As we are days (hours? minutes?) away from learning who Joe Biden will choose as his running mate, an old VP pick has regained national attention thanks to a recently published op-ed. In Matt Lewis' Daily Beast article entitled "Dems Say Sexist Attacks Are Wrong. Someone Tell Sarah Palin!" the columnist asserts that the Democratic Party, women’s groups, and liberal elites in the media are “a bunch of hypocrites” for preparing for sexist attacks to be levied against Biden’s future Veep. Where does this alleged hypocrisy stem from? According to the op-ed, it all has to do with “their sexist attacks” that “helped batter a young female rising star deemed as an existential threat.” The existential threat being Sarah Palin running alongside Republican Presidential candidate John McCain in 2008.
“Don’t get me wrong. Pushing back against sexism is good,” he writes. “But it also strikes me as a bit self-serving, coming from a party that has been less than chivalrous to women who got in the way of their liberal agenda.”
“This is a good time to force Democrats to grapple with what they did to Palin,” writes Lewis (a straight, white man), ultimately faulting liberals — including liberal women — for ending Palin’s political career. But Lewis fails to acknowledge the fact that the vast majority of Palin's criticism came from her championing ideas that are problematic or meaningless. He also seems to overlook that holding a woman like Palin accountable for perpetuating damage is not related to her gender. What is anti-feminist is to avoid criticizing her because she is a woman.
During her time in politics, especially on the national stage, Palin flexed numerous ideas — of which her identity as a woman had no relevant influence — that were gibberish at best and, on occasion, incredibly dangerous. For one, she was a proponent of birtherism, the theory that former President Barack Obama wasn’t actually a U.S. citizen. In 2011, she praised Donald Trump for investigating Obama. “He’s not just throwing stones from the sidelines, he’s digging in,” said Palin. “He’s paying for researchers to find out why President Obama would have spent $2 million to not show his birth certificate.”

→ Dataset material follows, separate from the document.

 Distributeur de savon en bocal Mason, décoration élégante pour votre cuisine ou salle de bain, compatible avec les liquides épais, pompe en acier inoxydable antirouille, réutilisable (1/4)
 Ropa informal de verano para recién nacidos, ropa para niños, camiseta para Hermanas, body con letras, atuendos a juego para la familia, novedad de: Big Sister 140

In an interview with CNN’s State of the Union, the former Alaska governor described the Hispanic population in the United States as “helping to build America” but then followed it up by saying, “You want to be in America? A: You’d better be here legally or you’re out of here. B: When you’re here, let’s speak American.” In a piece for right-wing outlet Breitbart, Palin wrote: “Because of Obama’s purposeful dereliction of duty an untold number of illegal immigrants will kick off their shoes and come on in, competing against Americans for our jobs and limited public services.”
Palin also regularly advocated against restrictions on gun ownership rights, she was still against abortion even in instances of rape and incest, and she opposed same-sex marriage and civil unions. In 2008, she went as far as to say that she hoped to see a federal ban on same-sex marriages. “I have voted along with the vast majority of Alaskans who had the opportunity to vote to amend our Constitution defining marriage as between one man and one woman. I wish on a federal level that's where we would go. I don't support gay marriage," Palin told Christian Broadcasting Network at the time.

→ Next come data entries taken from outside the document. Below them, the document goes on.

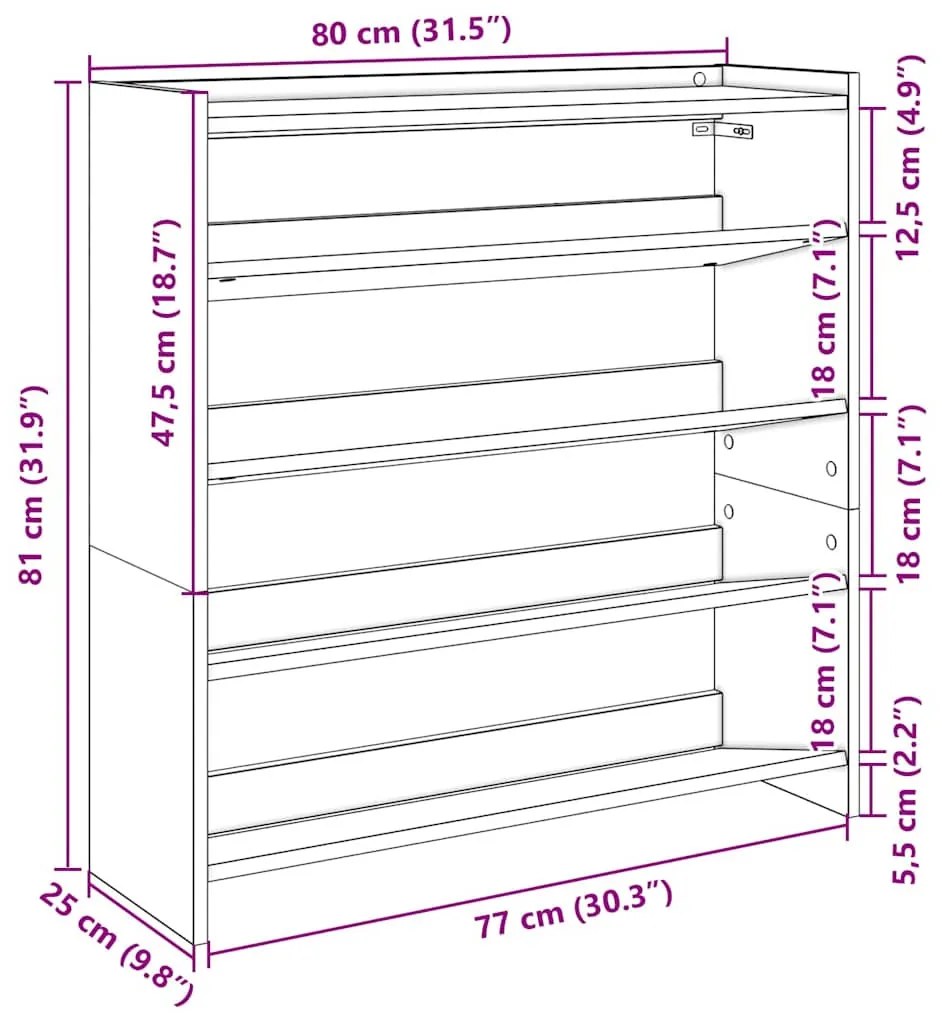 antik fa szerelt fa cipőtartó 80x25x81 cm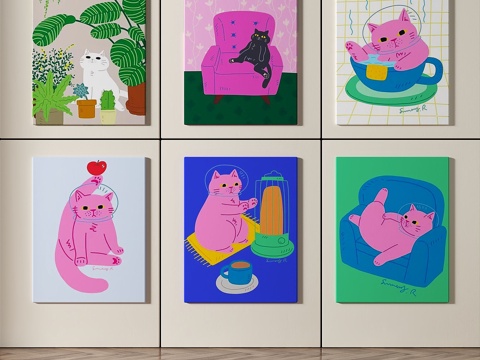  现代，儿童，简约，抽象，组合画3d模型 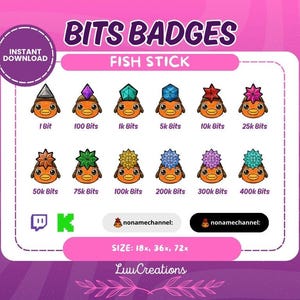 Puede incluir: Un conjunto de 12 insignias de Twitch Bits que representan un pez de dibujos animados con diferentes sombreros y coronas de colores. Las insignias están etiquetadas con el número de bits necesarios para ganarlas, que van de 1 bit a 400 000 bits. El texto "BITS BADGES" y "FISH STICK" se encuentra en la parte superior de la imagen.
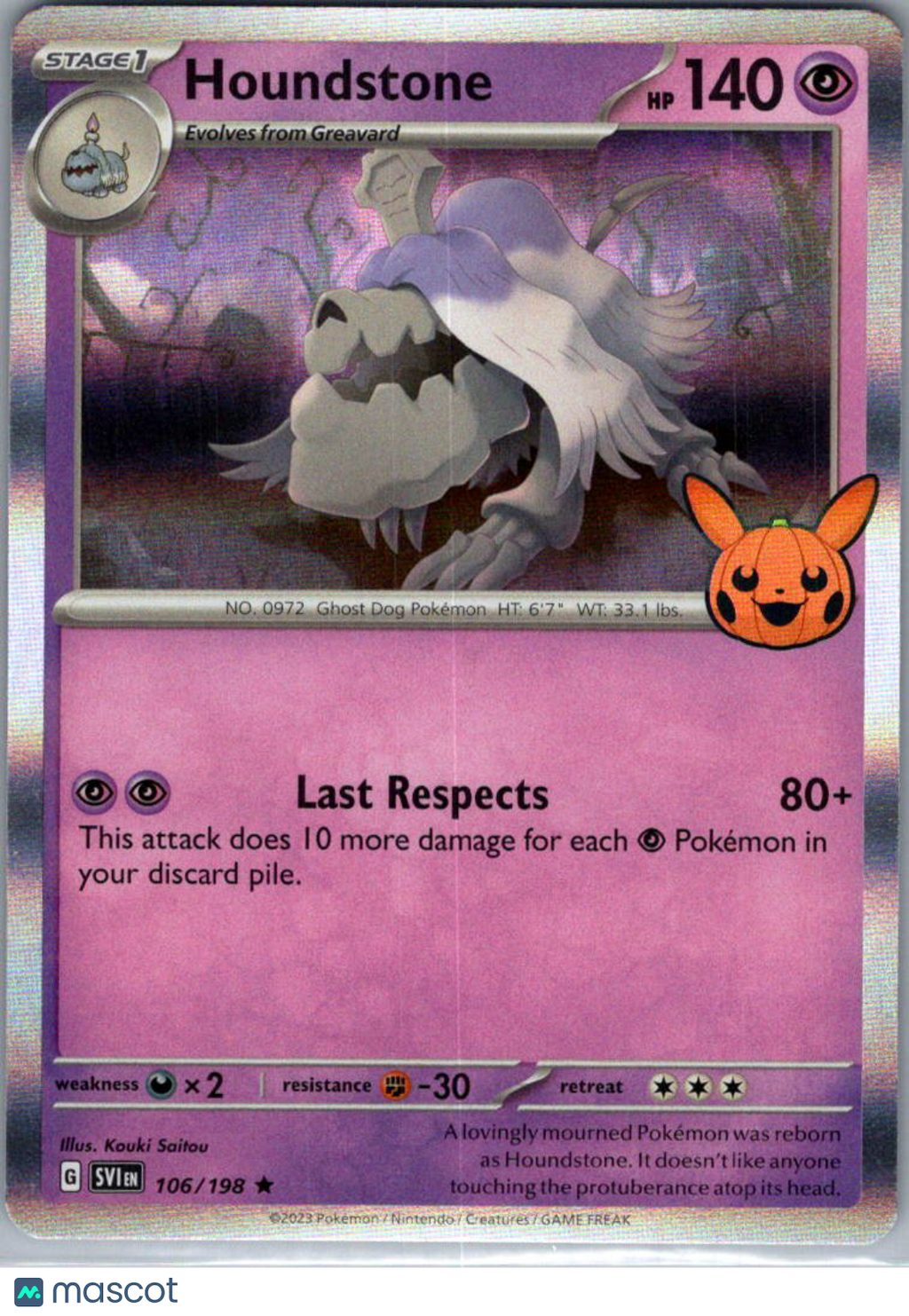 2023 Scarlet & Violet Houndstone Holo Rare Trick or Trade #106/198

This isn't to say that Palin never faced sexism. Like all women in politics, she has undoubtedly faced unfair criticism and judgement based solely on her gender, and likely needed to work harder than a man to get to where she did in her career.
Sexism and discrimination are consistent problems regardless of political party affiliation; however, to suggest that Palin was unsuccessful purely due to sexism from the Democratic Party and the media isn’t an accurate assessment. In truth, Palin failed to gain a larger platform because the ideas she supported were not something the majority of voters could get behind.
To cast Sarah Palin as the victim of sexism at the hands of a hypocritical political party — and to use this as a defense against the future sexism that Biden's VP will inevitably face — is a massive stretch of historic interpretation. Palin's track record is alarming for a person of any gender, and should be taken to task, just as any vice-presidential candidate should be. That includes Biden's future running mate, too.
So rather than prepare quips about our potential future vice president's appearance, demeanor, or worse, "ambition," be prepared to critique her policies and perspectives.